I arrive late but catch the drift of the discussion led by four young people.  I am dismayed that elders not young people constitute the bulk of the audience, because I had hope we might have ended with a significant exercise in intergenerational listening to the young, to hearing their voices.  What the four young people did say, however, was amazingly sobering: Young people may be reluctant to reach out to elders, because young people resent being disrespected.  When the discussion turned to a lack of interest in African American literature and culture among many students at Dillard University, I went into Jerry Ward the teacher mode.  As a person who retired from teaching at Dillard, I noted that what was obviously absent from the conversation was a primal question: WHAT IS THE PURPOSE OF EDUCATION IN THE USA?  That question has not been adequately addressed, particularly in light of our endless evolving of African-derived cultural expressions.  It has not been addressed in terms of what global capitalism is designed to do with human beings.

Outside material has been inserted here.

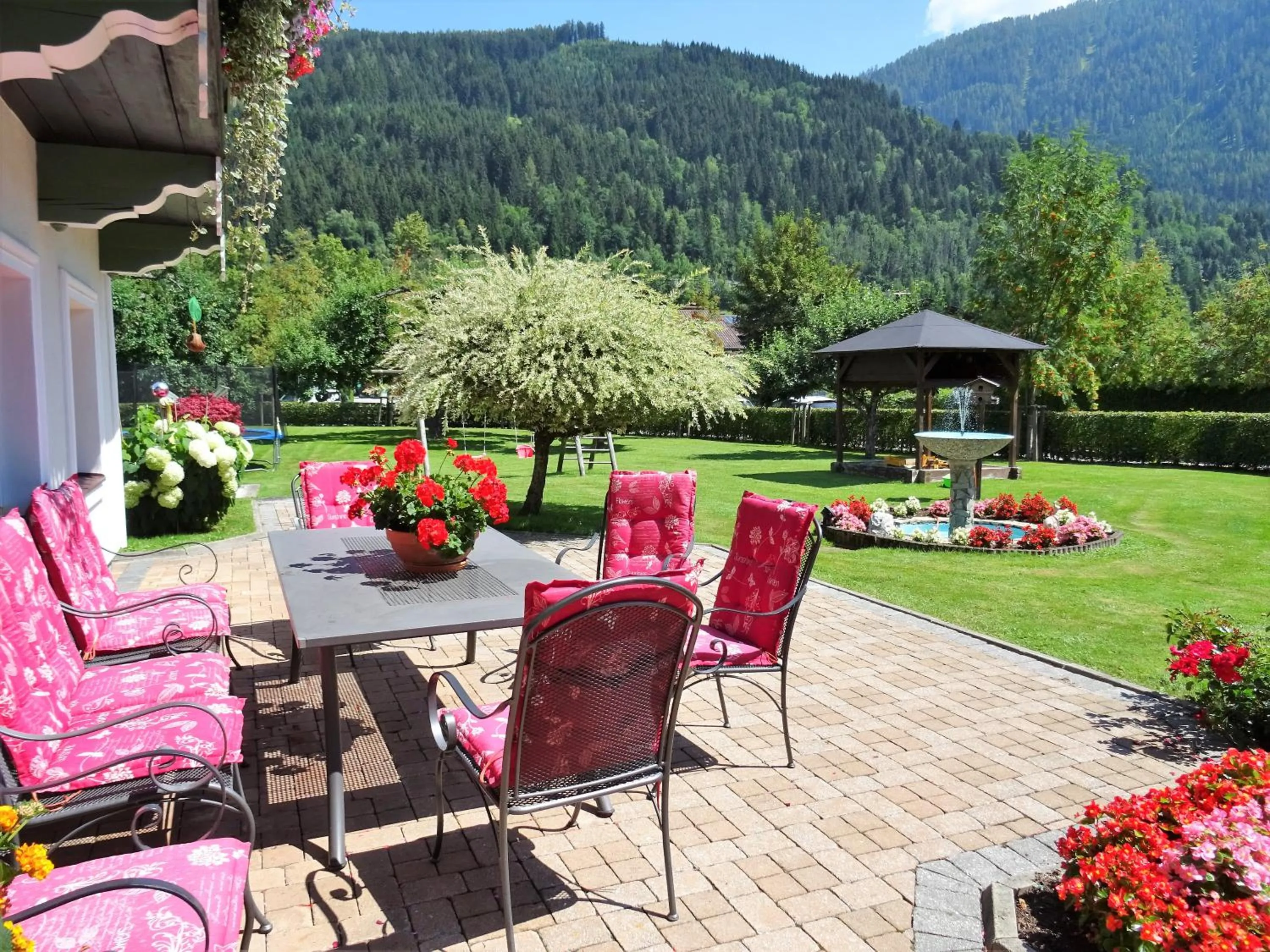 Garden view in Frühstückspension Klinglhub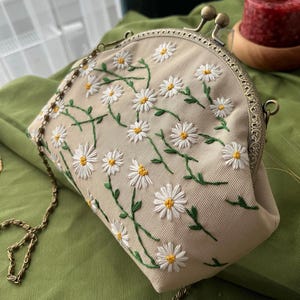 Gänseblümchen Blume bestickte Tasche | Hand bestickte Braut-Clutch | Vintage Abend Umhängetasche | Benutzerdefinierte Hochzeitsgeschenk İdea | Muttertagsgeschenk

I returned home from the conference with gratitude to Kim McMillon and Mona Lisa Saloy and all the people who made the event happen. I returned home to consider where I entered on September 8 with a renewed sense that Southern influences prevail:

Knowing that the Black Arts Movement was a logical moment in the ongoing evolving of African-generated arts is a matter of common sense rather than one of academic acrobatics.